Les personnes atteintes de diabète présentent un risque plus élevé de problèmes cardiaques et d'AVC causés par un caillot sanguin, mais présentent également un risque plus élevé de saignement. Les directives varient quant à savoir lesquelles devraient prendre de l'aspirine.

Les chercheurs d'Oxford ont sélectionné au hasard 15 480 adultes atteints de diabète de type 1 ou 2, mais en bonne santé et sans antécédents de problèmes cardiaques, pour qu'ils prennent quotidiennement de l'aspirine, 1 gramme d'huile de poisson, les deux substances ou un placebo.

Après sept ans et demi, il y avait moins de problèmes cardiaques chez les utilisateurs d'aspirine, mais plus de cas de saignements graves. On a donc échangé un risque pour un autre.

Résultats de l'huile de poisson

La même étude a également testé des acides gras oméga-3, à savoir les huiles bénéfiques présentes dans le saumon, le thon et d'autres poissons. Ceux qui prenaient des suppléments ne s'en tiraient pas mieux que ceux qui avaient reçu un placebo - 9 % des membres de chaque groupe ont souffert d'un problème cardiaque.

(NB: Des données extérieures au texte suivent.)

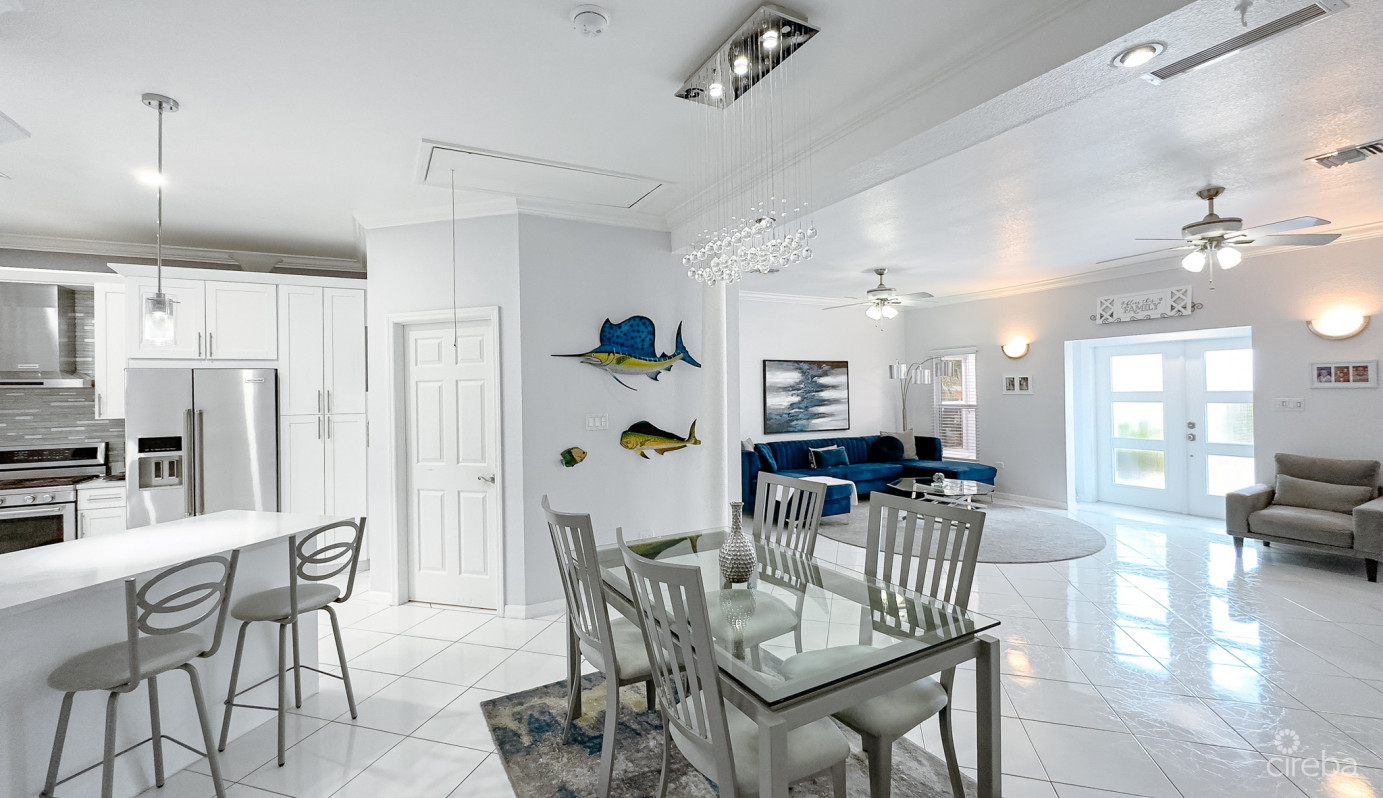 Ocean View Family Home Spotts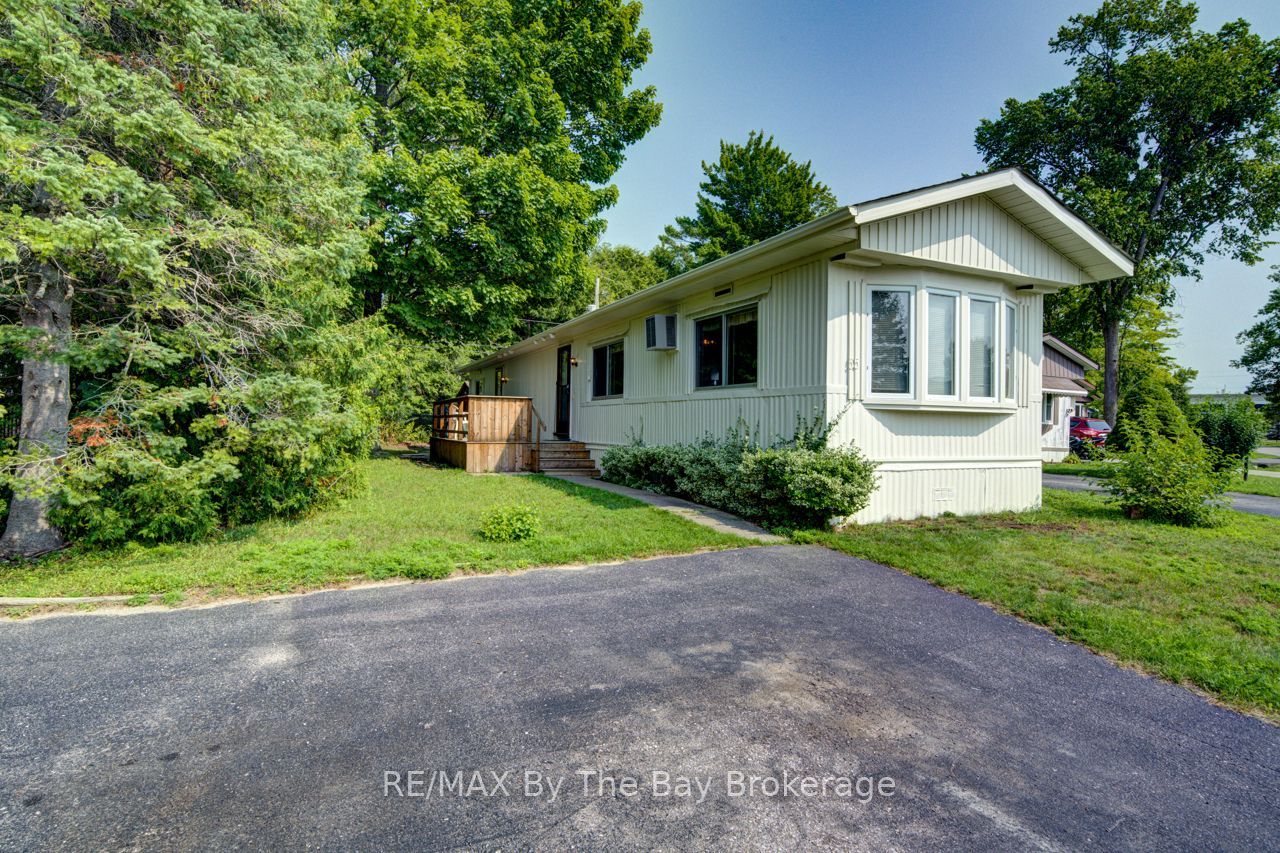 55 Georgian Glen Drive, Wasaga Beach, ON L9Z 1K7 photo 3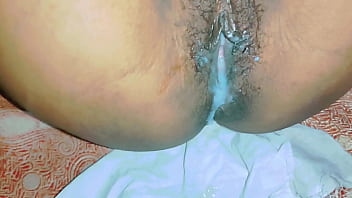 Real Desi Housewife’s Hottest Homemade Action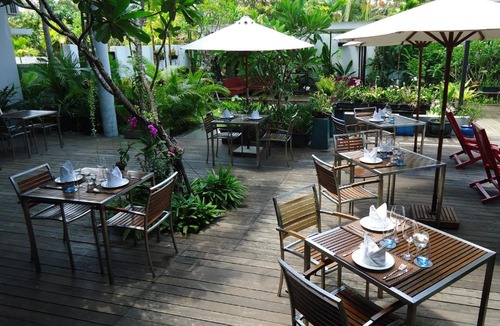 Sangkat Sla Kram Hotel | MEN's Resort & Spa (Gay Hotel)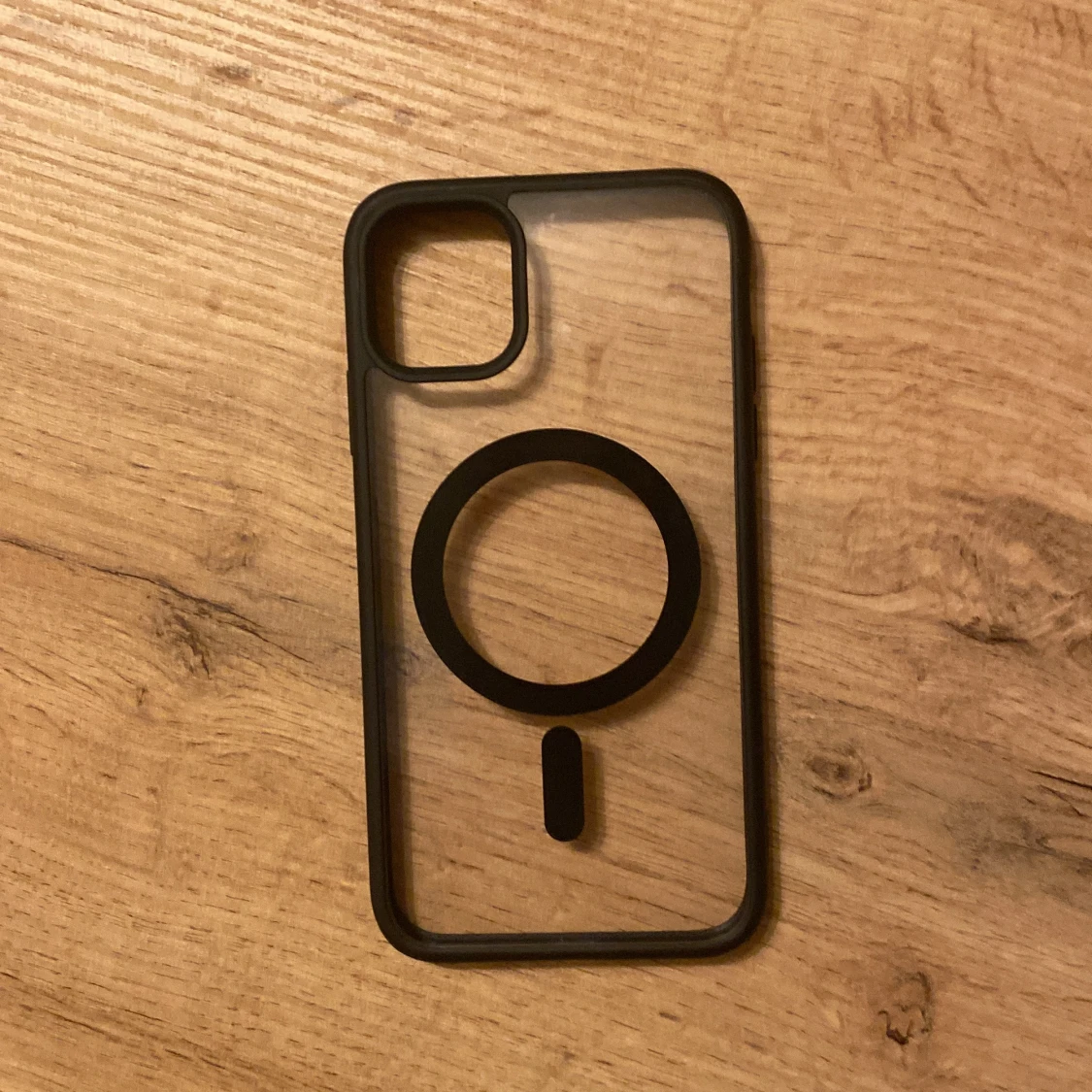 Transparent mobilskal med svart kant - 1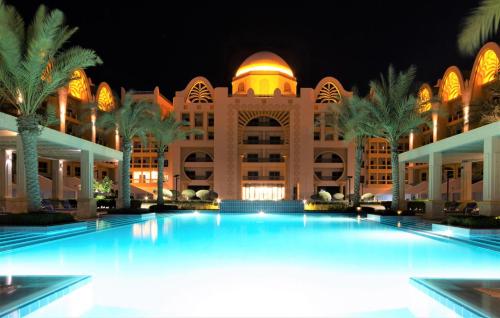 Πισίνα στο ή κοντά στο Amazing BeachFront Apartments near Atlantis Waterpark by Simply Comfort Sarai Palm Jumeirah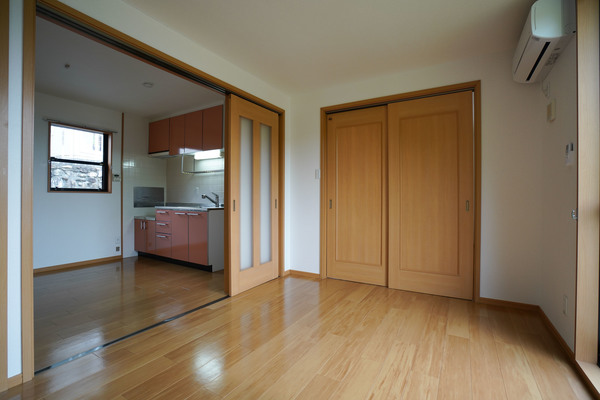 居室・リビング　同じ建物の別のお部屋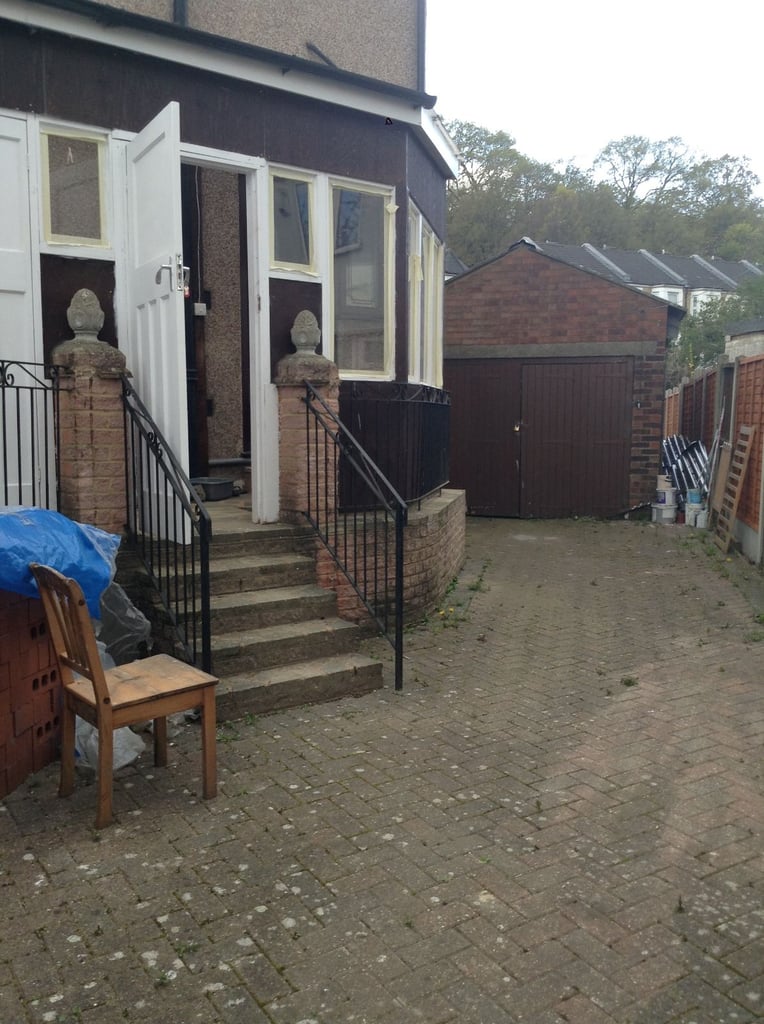 BILLS INCLUDED Double Room to Let in Abbey Wood Plumstead Area SE2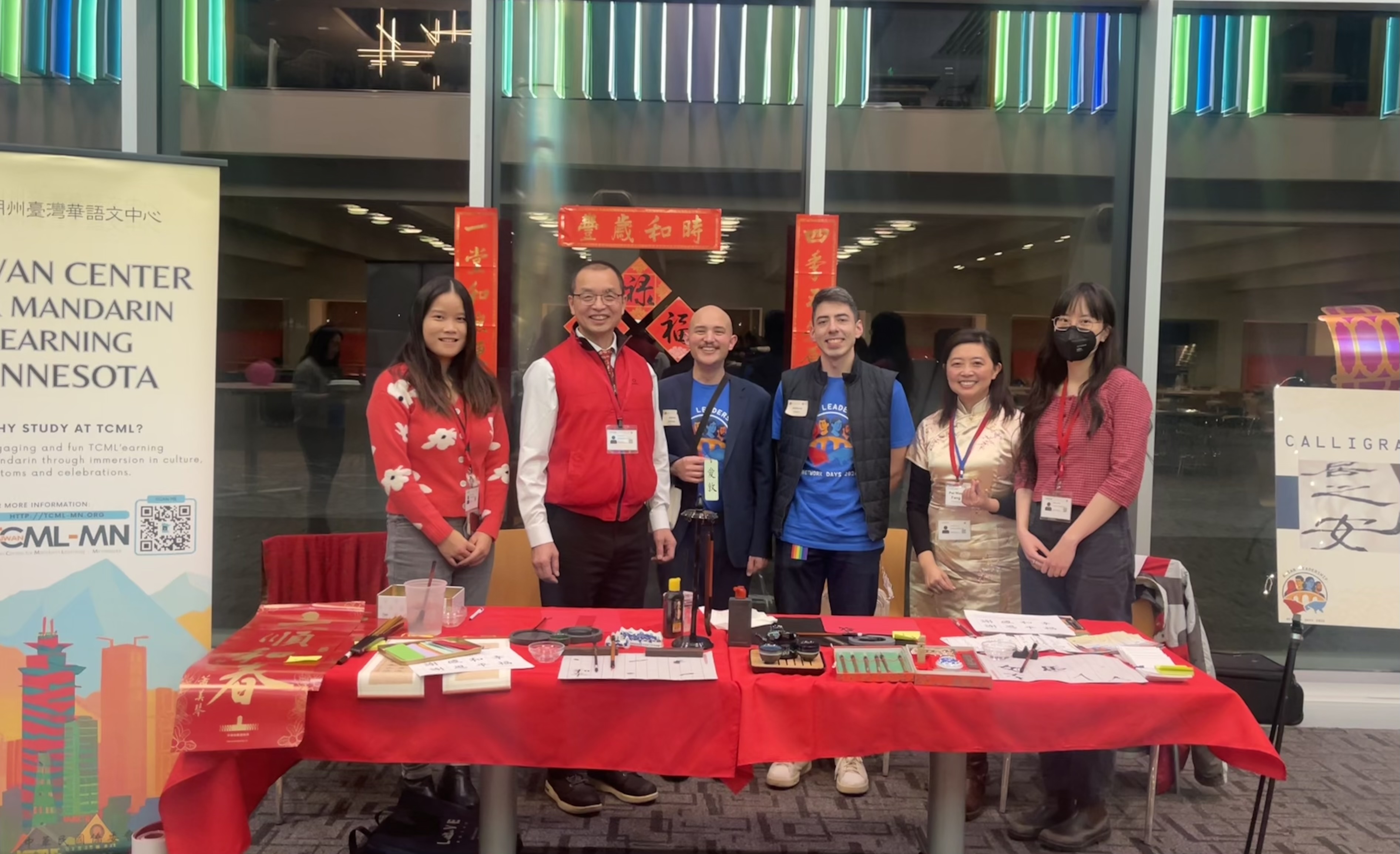 Anthony(右三）是TCML一年級的學生也是企業的員工。他介紹TCML到企業中參與亞洲領導日的活動。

« Nous sommes convaincus que les suppléments d'huile de poisson ne semblent pas jouer un rôle dans la prévention des maladies cardiaques », a déclaré la responsable de l'étude, la docteure Louise Bowman, de l'Université d'Oxford.

La Fondation britannique du coeur était le principal commanditaire de l'étude. Bayer et Mylan ont fourni respectivement de l'aspirine et de l'huile de poisson. Les résultats ont été publiés par le prestigieux New England Journal of Medicine.

D'autres études testent différentes doses de ces huiles, « mais je ne peux pas dire aux gens de dépenser pour aller en acheter. Nous pensons que c'est probablement mieux de manger du poisson », a dit la docteure Holly Andersen, une spécialiste de la prévention des maladies cardiaques au New York-Presbyterian/Weill Cornell qui n'a pas participé à l'étude.

La nouvelle recherche ne modifie pas les directives sur l'aspirine ou l'huile de poisson, a prévenu la docteure Nieca Goldberg, cardiologue au Centre médical NYU Langone et porte-parole de l'Association américaine du coeur. Le groupe recommande l'huile de poisson seulement pour certains patients souffrant d'insuffisance cardiaque et estime qu'on peut raisonnablement l'envisager pour les personnes ayant déjà subi une crise cardiaque.